- WHAT YOU ARE ASKED TO DO
After locating the line that contains "1HGCV1F92JA015199 Honda Accord Touring", quote it and all lines after it through the end of the entries, and nothing more. Pictures stay out.

- RECORDS FOR PROCESSING
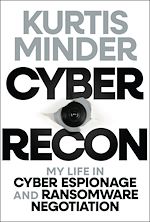 Télécharger le livre :  Cyber Recon
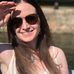 Tina Spener - Facebook
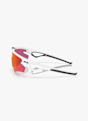 Oakley Sphaera™ Slash occhiali sportivi Bianco 47196 5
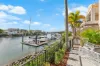 49/6 Harbourview Court, Cleveland, Qld 4163-Image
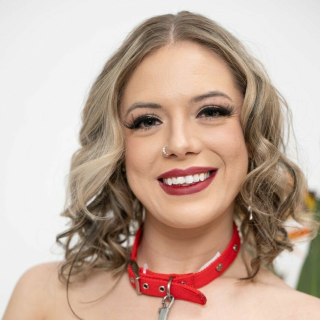 Lana Analise Pornstar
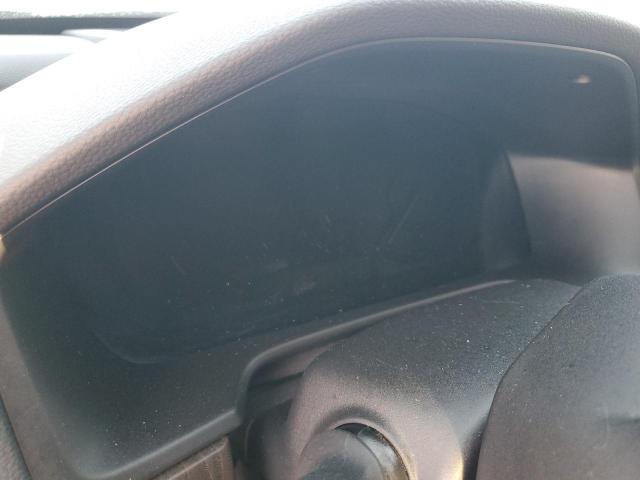 1HGCV1F92JA015199 Honda Accord Touring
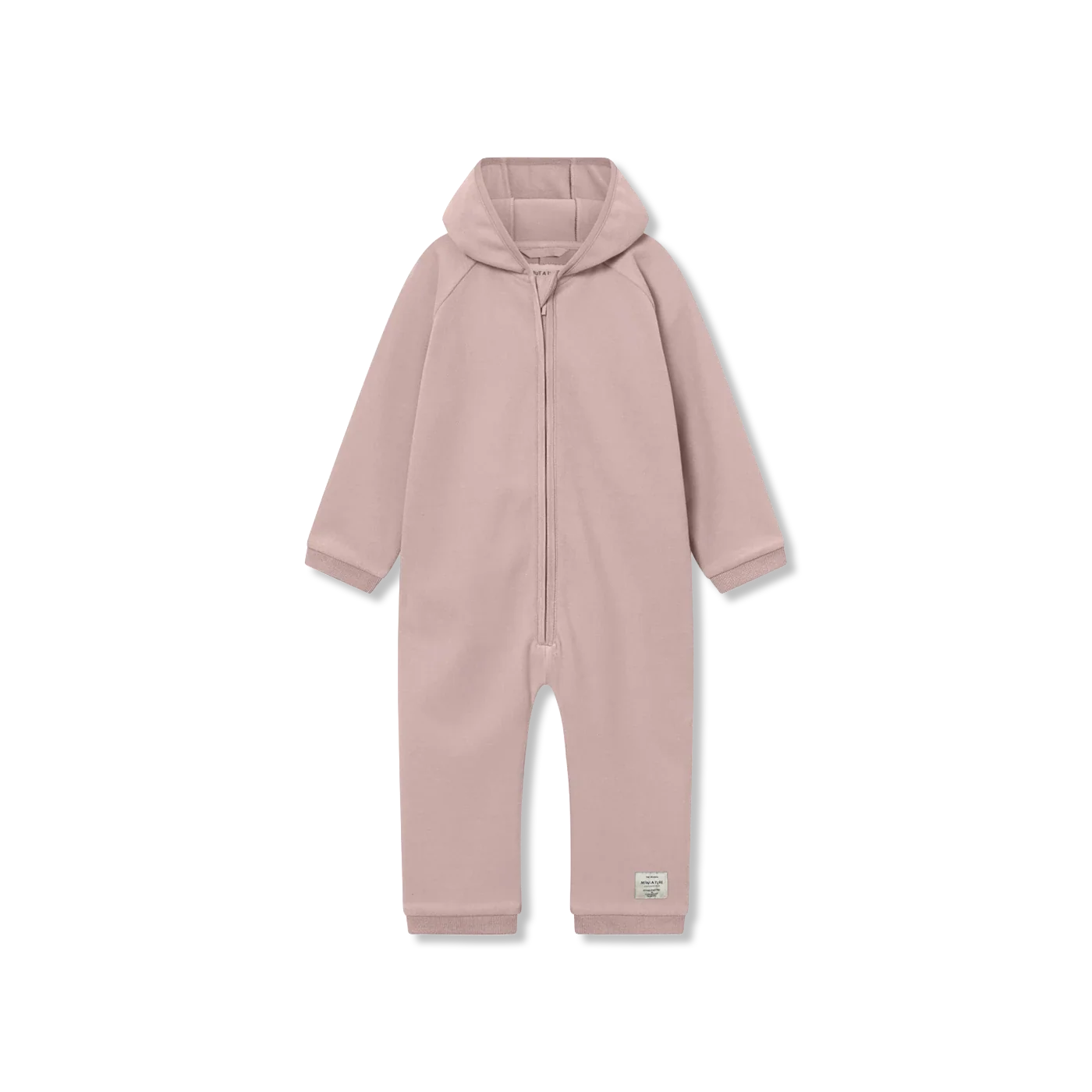 Matakua Wollen fleece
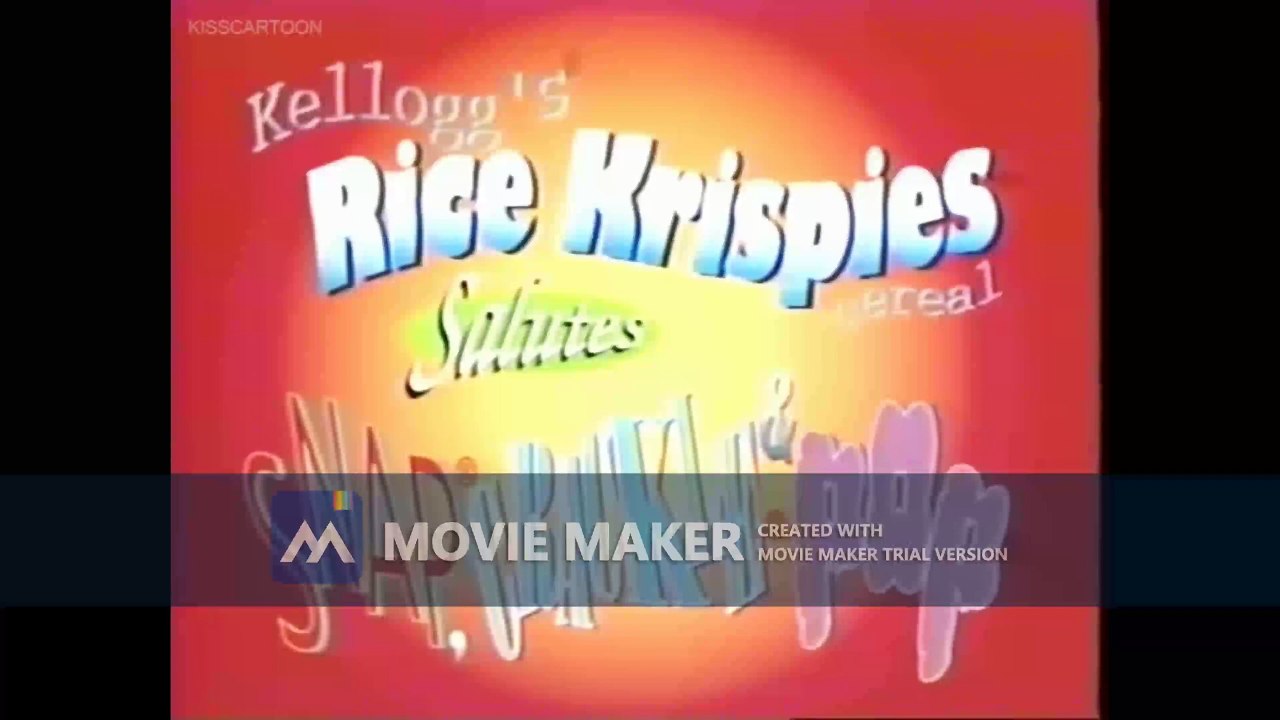 Rices Krispies Quiz_trial_0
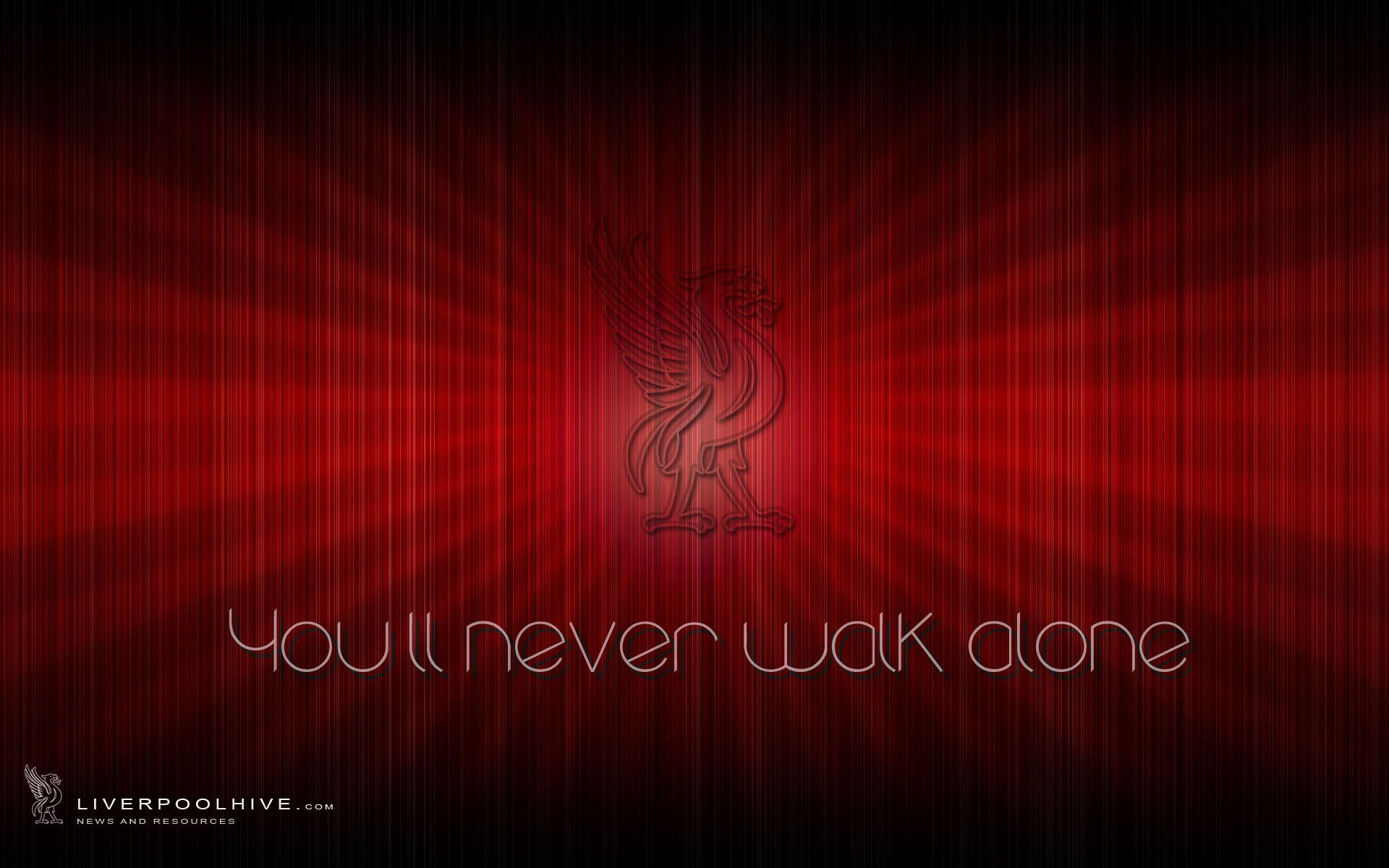 Full HD Liverpool Wallpapers | Full HD Pictures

- REPLY TO THE EXERCISE
 1HGCV1F92JA015199 Honda Accord Touring
 Matakua Wollen fleece
 Rices Krispies Quiz_trial_0
 Full HD Liverpool Wallpapers | Full HD Pictures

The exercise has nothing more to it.